Many businesses with high-volume OLTP applications
opt for RAID 10 configurations. The shrinking cost of disk drives and
the heavy database demands of today’s business applications are making
this a much more viable option. If you find that your transaction log
or index segment is pegging your RAID 1 array at 100% usage, you can
implement a RAID 10 array to get better performance. This type of RAID
carries with it all the fault tolerance (and cost!) of a RAID 1 array,
with all the performance benefits of RAID 0 striping.
RAID Level 5
RAID
5 is most commonly known as striping with parity. In this
configuration, data is striped across multiple disks in large blocks.
At the same time, parity bits are written across all the disks for a
given block. Information is always stored in such a way that any one
disk can be lost without any information in the array being lost. In
the event of a disk failure, the system can still continue to run (at a
reduced performance level) without downtime by using the parity
information to reconstruct the data lost on the missing drive.
Some arrays provide “hot-standby” disks. The RAID
controller uses the standby disk to rebuild a failed drive
automatically, using the parity information stored on all the other
drives in the array. During the rebuild process, performance is
markedly worse.
The fault tolerance of RAID 5 is usually sufficient,
but if more than one drive in the array fails, you lose the entire
array. It is recommended that a spare drive be kept on hand in the
event of a drive failure, so the failed drive can be replaced quickly
before any other drives fail.
Note
Many of the RAID solutions available today support
“hot-spare” drives.

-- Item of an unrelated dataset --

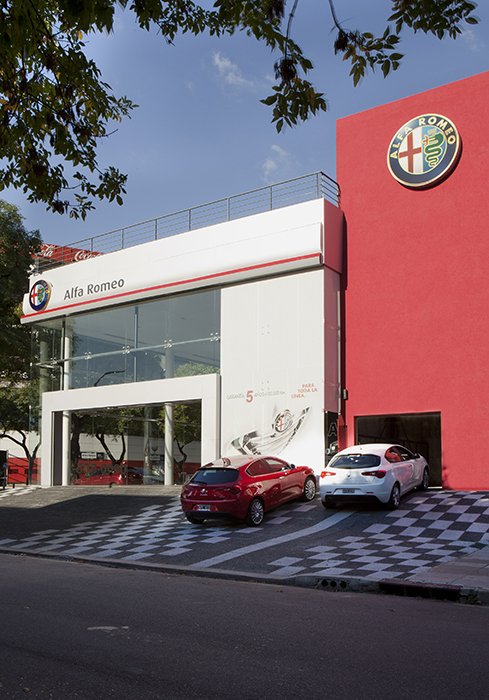 arquitectura-comercial-para-marcas-de-alta-gama-alfa-romeo-arquitecta-ana-lujan-destacada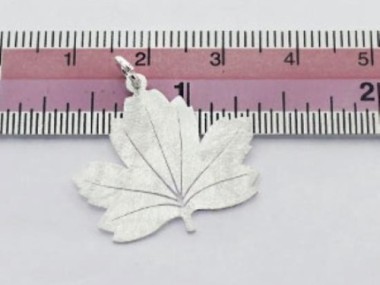 925 Sterling Silver Maple Leaf Pendant 21x24mm.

A hot-spare drive is connected to the array but
doesn’t store any data. When the RAID system detects a drive failure,
the contents of the failed drive are re-created on the hot-spare drive,
and it is automatically swapped into the array in place of the failed
drive. The failed drive can then be manually removed from the array and
replaced with a working drive, which becomes the new hot spare.

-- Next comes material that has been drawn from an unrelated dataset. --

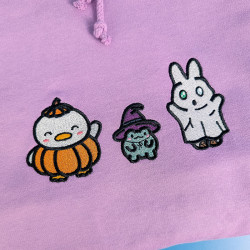 Sweat kawaii Halloween brodé avec lapin fantôme, canard citrouille et grenouille sorcière, disponible en noir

RAID 5 provides excellent read performance but
expensive write performance. A write operation on a RAID 5 array
requires two writes: one to the data drive and one to the parity drive.

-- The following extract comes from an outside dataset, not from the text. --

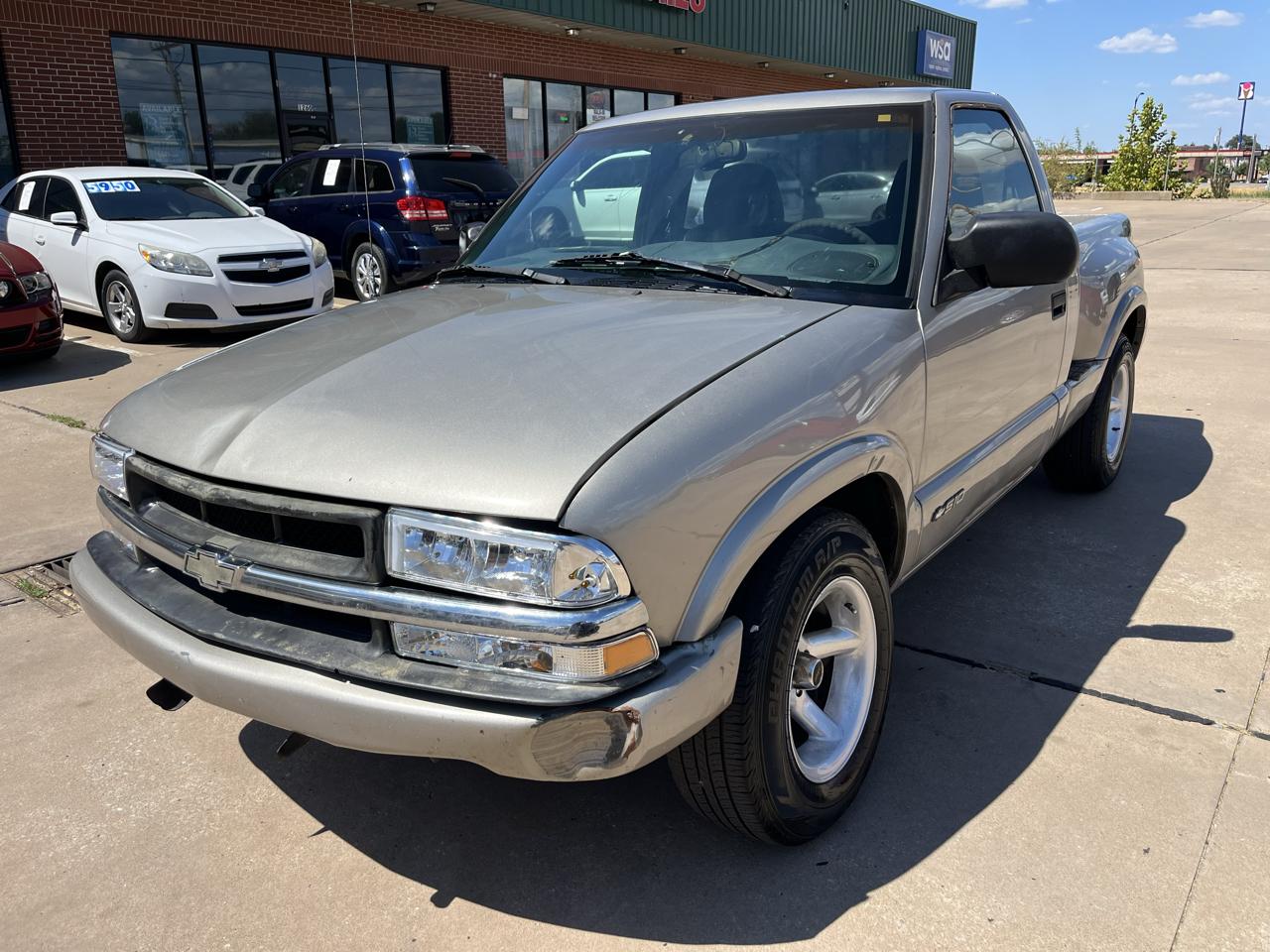 Chevrolet S10 Pickup Short Bed 2WD 1999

After the writes are complete, the controller reads the data to ensure
that the information matches (that is, that no hardware failure has
occurred). A single write operation causes four I/Os on a RAID 5 array.
For this reason, putting log files or tempdb on a RAID 5
array is not recommended. Index filegroups, which suffer worse than
data filegroups from bad write performance, are also poor candidates
for RAID 5 arrays. Data filegroups where more than 10% of the I/Os are
writes are also not good candidates for RAID 5 arrays.
Note that if write performance is not an issue in
your environment—for example, in a DSS/data warehousing environment—you
should, by all means, use RAID 5 for your data and index segments.
In any environment, you should avoid putting tempdb on a RAID 5 array. tempdb typically receives heavy write activity, and it performs better on a RAID 1 or RAID 0 array.
RAID 5 is a relatively economical means of providing
fault tolerance. No matter how many drives are in the array, only the
space equivalent to a single drive is used to support fault
tolerance. This method becomes more economical with more drives in the
array. You must have at least three drives in a RAID 5 array. Three
drives would require that 33% of available disk space be used for fault
tolerance, four would require 25%, five would require 20%, and so on.
Figure 3 shows a RAID 5 configuration.
Note
Although the recommendations for using the various
RAID levels presented here can help ensure that your database
performance will be optimal, reality often dictates that your optimum
disk configuration might not be available. You may be given a server
with a single RAID 5 array and told to make it work. Although RAID 5 is
not optimal for tempdb or transaction logs, the write performance can be mitigated by using a controller with a battery-backed write cache.
If possible, you should also try to stripe
database activity across multiple RAID 5 arrays rather than a single
large RAID 5 array to avoid overdriving the disks in the array.